From Halo to Hollywood: Getting to know music and sound design team Finishing Move Inc.

finishing move inc.
Words by Mixdown Staff

Meet the soundtracking Dons behind some of your favourite on-screen moments, Finishing Move Inc.

Finishing Move Inc. are without doubt one of the most in-demand sound design/composition teams going at the moment.

The LA-based duo, made up of Brian White and Brian Trifon, have over time accumulated the kind of credit list that most can only dream of, having worked on some of the biggest titles in the gaming and film world.

Read up on all the latest interviews here.

We recently caught up with Brian and Brian, to talk Halo, Hollywood, and the hardware that got them there.

Did you guys know each other prior to entering the industry? What is it about working together that makes it such a potent pairing?

We were good friends before we started Finishing Move Inc. and had collaborated together on various projects at a commercial music house we both worked for in the late ’00s. We noticed that we had very complementary skill sets, and whenever we’d collaborate on something, it would just turn out a lot better, so we decided to team up and form Finishing Move Inc.

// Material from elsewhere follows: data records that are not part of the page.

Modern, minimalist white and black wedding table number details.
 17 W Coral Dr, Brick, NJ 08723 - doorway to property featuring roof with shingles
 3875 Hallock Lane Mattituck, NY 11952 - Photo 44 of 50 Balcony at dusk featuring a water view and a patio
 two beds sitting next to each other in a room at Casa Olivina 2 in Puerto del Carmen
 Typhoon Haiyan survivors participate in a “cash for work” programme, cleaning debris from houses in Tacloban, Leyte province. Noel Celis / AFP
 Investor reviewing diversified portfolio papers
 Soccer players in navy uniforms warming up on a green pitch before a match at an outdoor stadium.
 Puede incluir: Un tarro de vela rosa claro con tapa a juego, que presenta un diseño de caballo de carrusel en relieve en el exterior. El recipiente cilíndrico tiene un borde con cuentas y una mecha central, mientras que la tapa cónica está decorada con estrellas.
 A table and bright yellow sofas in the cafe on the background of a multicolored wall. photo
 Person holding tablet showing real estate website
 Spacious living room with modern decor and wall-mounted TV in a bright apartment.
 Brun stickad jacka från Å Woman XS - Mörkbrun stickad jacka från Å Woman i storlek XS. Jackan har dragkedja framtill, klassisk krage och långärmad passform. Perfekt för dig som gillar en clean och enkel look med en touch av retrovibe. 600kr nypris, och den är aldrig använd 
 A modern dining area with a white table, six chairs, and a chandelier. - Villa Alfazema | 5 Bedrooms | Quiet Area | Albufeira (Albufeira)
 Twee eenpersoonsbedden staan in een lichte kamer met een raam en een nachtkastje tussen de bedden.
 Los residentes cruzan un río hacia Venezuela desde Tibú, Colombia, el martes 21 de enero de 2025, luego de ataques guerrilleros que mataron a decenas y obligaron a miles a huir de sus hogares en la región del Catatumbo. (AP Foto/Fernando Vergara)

Working as a team really suits our workflow, as it allows us to deep dive and try out new ideas or concepts that would otherwise take too much time away from getting work finished. A lot of times, one of us might be doing R&D on some new sound or technique while the other is writing, and we can trade off as needed.

It can be hard to push the sonic envelope if you are always just trying to push stuff out the door and meet a deadline, so we both really enjoy the flexibility and support the team dynamic offers.

From your perspective, was there a particular breakthrough moment or was it more a case of chipping away for years and slowly building momentum? Did you guys have any formal training or study?

We still think we are slowly chipping away! Halo 2 Anniversary was a big break for us, as it was the first massive project Finishing Move Inc. took on as a proper company, and we had just come off a canceled project the year prior and really needed a win.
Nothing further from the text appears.